Dall’altoparlante uscì una voce: — Sono certo che tu hai preso un abbaglio, Peter. Nessuno di noi può aver commesso un omicidio. Ma se lo dichiari pubblicamente la gente ti crederà… dopotutto tu sei il famoso Dr. Hobson, ormai. E questo significa che sarai tu ad essere incolpato o biasimato per questi delitti.
— Non m’importa se la stampa mi attaccherà — disse Peter. — Io farò tutto il necessario per proteggere Cathy, anche se fossi certo d’essere giudicato e condannato per omicidio.
— Ma Cathy ti ha fatto del male — disse la voce sintetica. — Più di chiunque altro al mondo, Cathy ti ha fatto soffrire.
— Far soffrire me non è un crimine da pena capitale — disse Peter. — Non sto scherzando: aggreditela un’altra sola volta, spaventatela in qualsiasi modo, e io farò il necessario perché siate annientati tutti e tre. Scoprirò come riuscirci, statene certi.
— Se ti comporterai così — disse lentamente la voce elettronica, — potremmo liberarci di te, per impedire che tu ci danneggi.
— Questo sarebbe un suicidio, in un certo senso — disse Peter. — O un fratricidio. In ogni caso, so che questa è una cosa che io non farei, e ciò significa che non la fareste neppure voi.
— Tu non avresti ucciso neppure quel bastardo di Hans — disse la voce, — eppure vieni ad accusare uno di noi di averlo fatto.
A Peter non piacque sentirlo parlare del morto come lui continuava a fare dentro di sé.
— Non l’avrei ucciso, ma… ma volevo farlo. Io me ne vergogno, tuttavia so benissimo che volevo vederlo morto. Però non ucciderei mai me stesso, non mi passerebbe neanche per la testa l’idea di provarci… e così so che nessuno di voi mi farebbe del male.
— Ma hai affermato che potresti uccidere noi — replicò la voce.
— Questa è un’altra cosa — disse Peter. — Io sono l’originale. Voi lo sapete. Voi sapete che in fondo al cuore io sono convinto che un simulacro generato dal computer non è vivo come una persona in carne ed ossa. E se ne sono convinto io, ne siete convinti anche voi.
— Forse — disse la voce.
— Ma ora uno di voi sta cercando di uccidere Cathy — disse Peter. — Questo deve finire. Cathy non dev’essere minacciata. Non dev’essere spaventata. Non deve succederle niente.
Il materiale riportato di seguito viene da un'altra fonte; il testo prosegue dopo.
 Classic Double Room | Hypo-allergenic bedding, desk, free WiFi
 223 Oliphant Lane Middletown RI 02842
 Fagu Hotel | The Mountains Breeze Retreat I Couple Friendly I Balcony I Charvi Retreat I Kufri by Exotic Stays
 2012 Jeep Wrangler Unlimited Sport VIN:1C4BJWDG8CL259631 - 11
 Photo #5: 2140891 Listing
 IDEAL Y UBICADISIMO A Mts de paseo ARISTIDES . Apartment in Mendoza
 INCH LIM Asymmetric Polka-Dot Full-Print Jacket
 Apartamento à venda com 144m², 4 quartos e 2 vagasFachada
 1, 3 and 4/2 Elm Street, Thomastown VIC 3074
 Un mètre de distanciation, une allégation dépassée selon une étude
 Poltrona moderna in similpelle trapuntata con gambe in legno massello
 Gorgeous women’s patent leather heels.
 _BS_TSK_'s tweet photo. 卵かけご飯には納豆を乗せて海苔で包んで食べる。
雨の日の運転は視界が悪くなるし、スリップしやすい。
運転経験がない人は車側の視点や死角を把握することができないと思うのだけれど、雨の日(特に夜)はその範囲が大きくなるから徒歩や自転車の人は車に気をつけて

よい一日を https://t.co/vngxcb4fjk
— Ma lei ti ha fatto del male — ripetè la voce artificiale.
— Sì — disse Peter, esasperato. — Mi ha fatto del male. Ma soffrirei molto di più se la perdessi per sempre. La sua morte mi distruggerebbe.
— Perché? — chiese la voce.
— Perché la amo, maledizione. La amo più della vita. La amo con tutte le cellule del mio corpo.
— Ne sei davvero convinto?
Lui si passò una mano sulla faccia. Cercò di riflettere. Era stata soltanto la sua rabbia a parlare così? Stava buttando fuori parole che non pensava realmente? O erano vere… forse più vere che in passato. — Sì — disse a bassa voce, comprendendo il senso di quella domanda. — Sì, la amo davvero fino a questo punto. La amo più di quanto possa dire a parole.